Are there any good tricks to construct a heart of a t-structure? (I'm thinking on the derived category of coherent sheaves of some variety)

I'll start with the only one I know. If $(T,F)$ is a torsion pair on an abelian category $A$ then you can form the *tilt* inside $D(A)$.

By definition, the tilt is complexes in $D(A)$ such that the minus one cohomology lies in $T$ and the zeroth cohomology lies in $F$ and all other cohomology vanishes. Unfortunately this method is only good for hearts concentrated in two degrees.

An example of such a torsion pair is if you take $Ab$ the category of abelian groups, $T$ torsion groups and $F$ free groups. In any abelian group you can find the largest torsion subgroup and the quotient will be torsion free. This can be generalised to arbitrary integral domains and from that to arbitrary integral schemes, although the geometric meaning of the tilt (if there is one) escapes me.

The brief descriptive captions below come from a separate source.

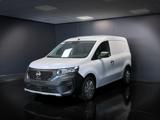 NISSAN Townstar 1.3 130 CV Van PC Acenta
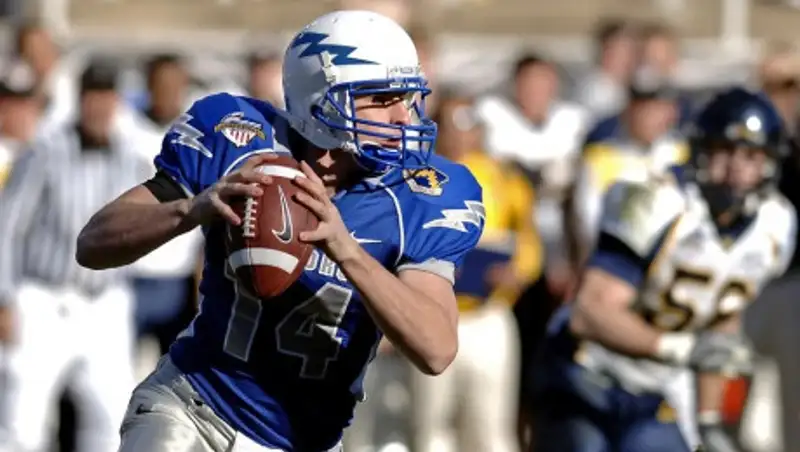 В регби утвердили новые правила соревнований из-за COVID-19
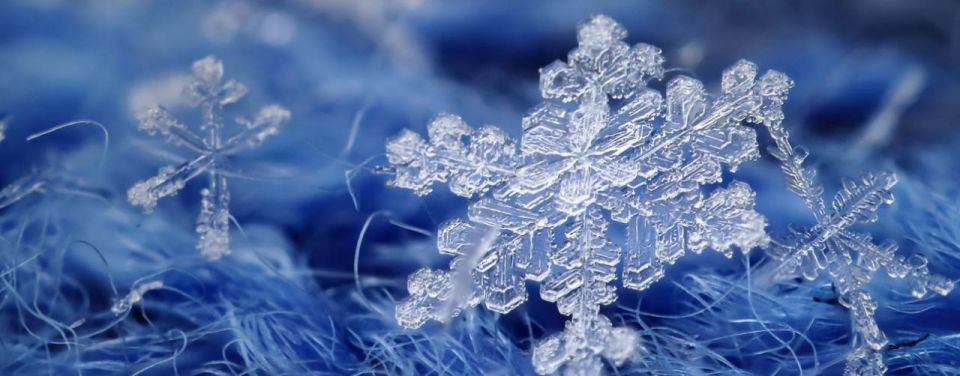 #��������������. � ���� ������� ���� ������ ���� ������ ����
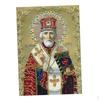 Decorațiuni pentru casă – Tablouri și postere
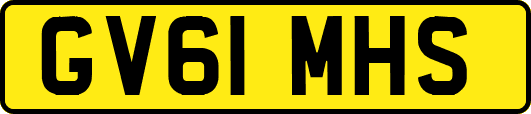 GV61MHS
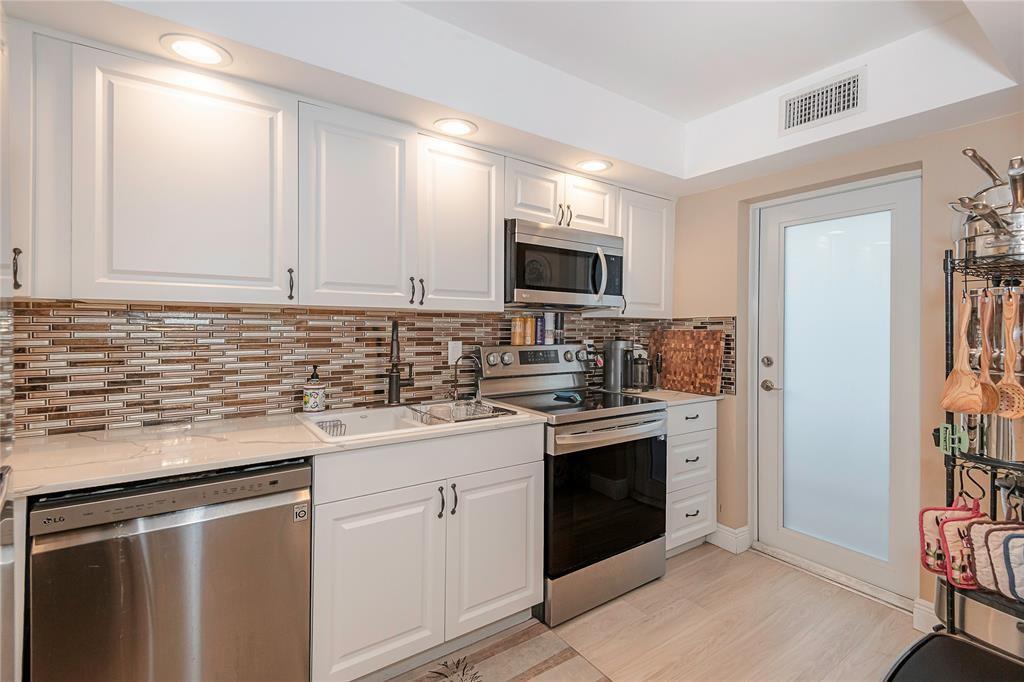 4500 N Federal Hwy #263G Lighthouse Point, FL 33064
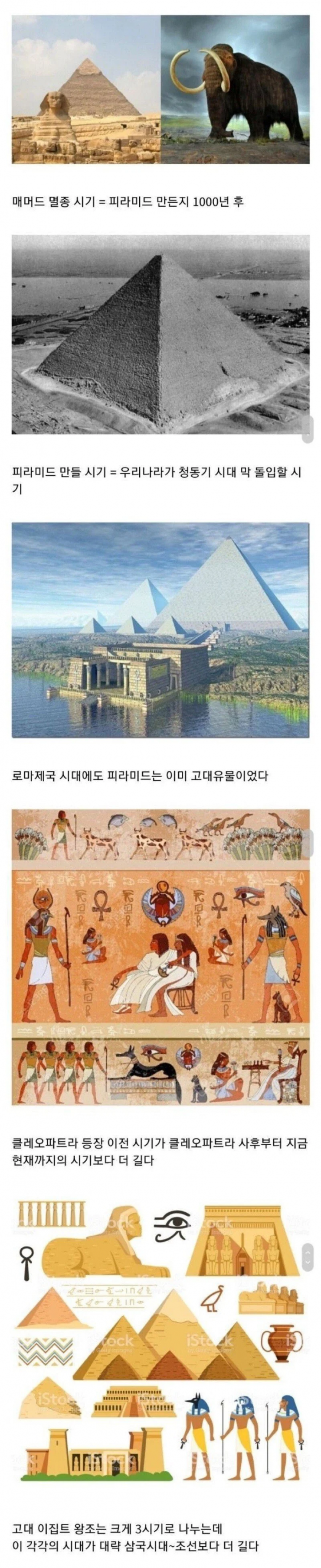 f7f85ff0162929bec33d1106790d1652.png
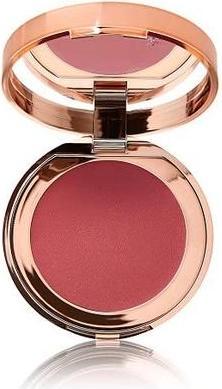 Immagine prodotto Charlotte Tilbury Parlare con il cuscino (Il colore dei sogni)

Another example is Bridgeland's category of perverse coherent sheaves, which can be defined as a tilt. I would be very interested in generalisations of Bridgeland's category. There is also a notion of perverse coherent sheaf by Bezrukavnikov, but from what I understand it is only useful with Artin stacks, as the jump in the dimension of the coarse space given by stabiliser groups is what allows interesting perversities. Comments on these latter perverse sheaves would also be very much appreciated, as I don't really understand the construction.